§ **Records to use**:
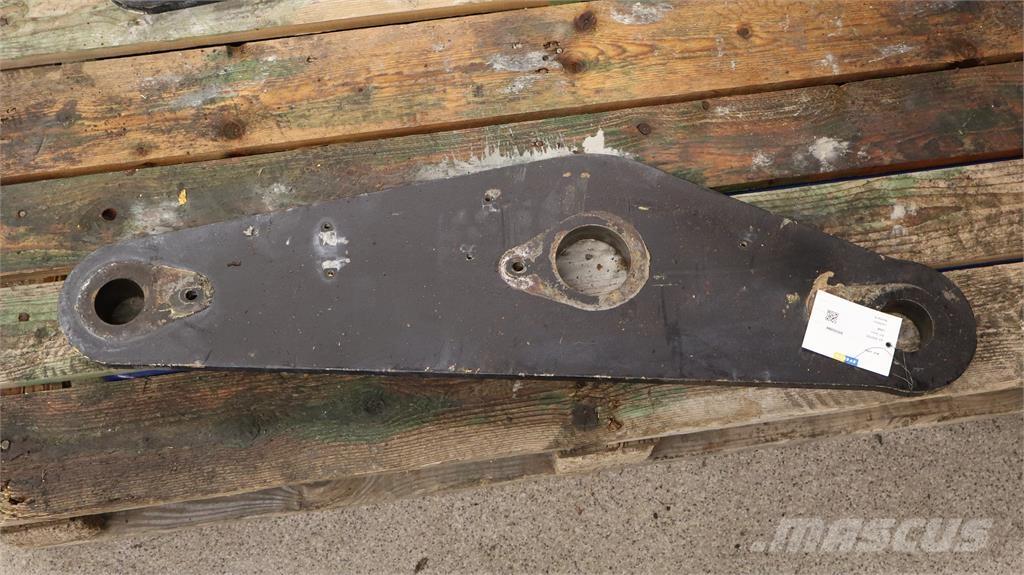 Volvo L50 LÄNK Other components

==

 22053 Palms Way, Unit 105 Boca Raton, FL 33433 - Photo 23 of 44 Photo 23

==

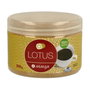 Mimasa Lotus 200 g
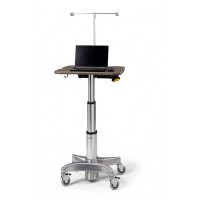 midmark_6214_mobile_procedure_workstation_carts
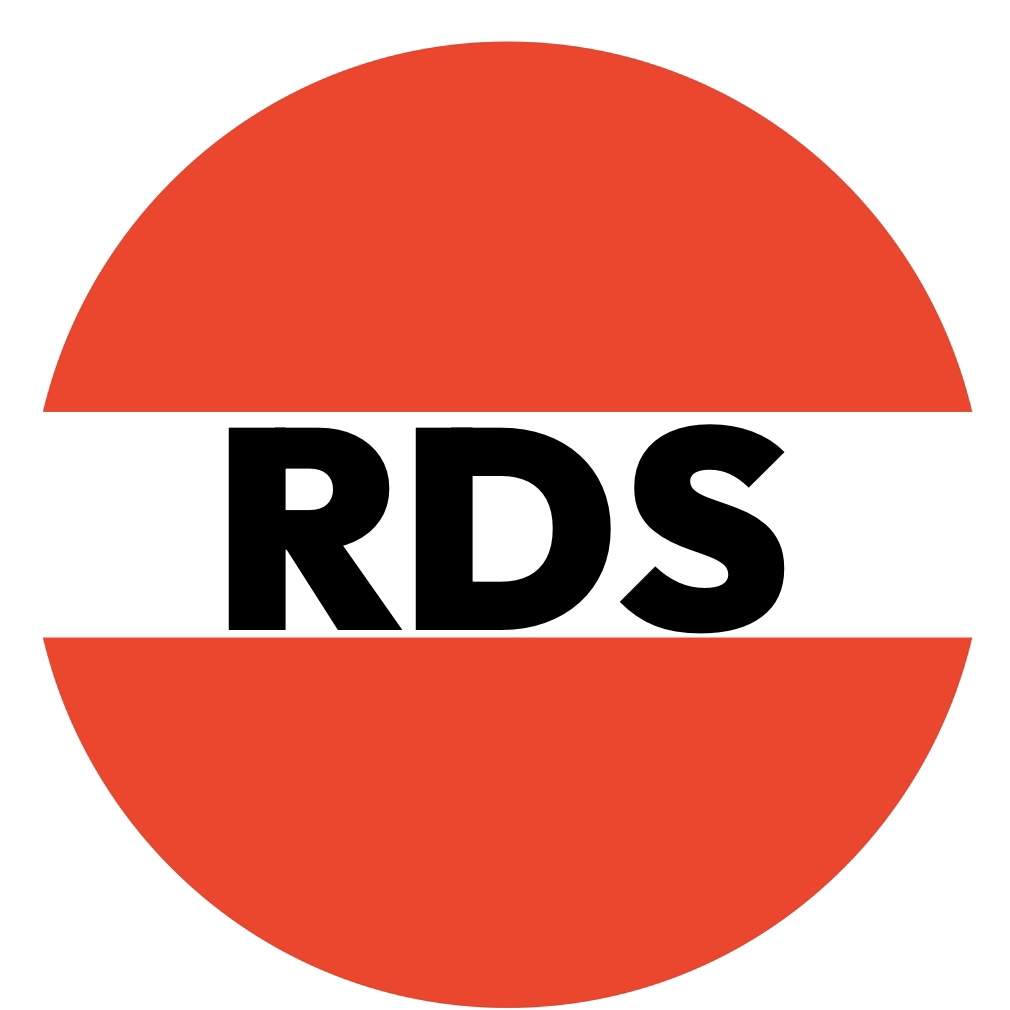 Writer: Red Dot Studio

§ **About this exercise**:
Your task is to copy only the lines above starting at the one containing "Mimasa Lotus 200 g" and ending at the one containing "Writer: Red Dot Studio". Copy them exactly, both ends included, and omit the pictures.

§ **Problem solution**:
 Mimasa Lotus 200 g
 midmark_6214_mobile_procedure_workstation_carts
 Writer: Red Dot Studio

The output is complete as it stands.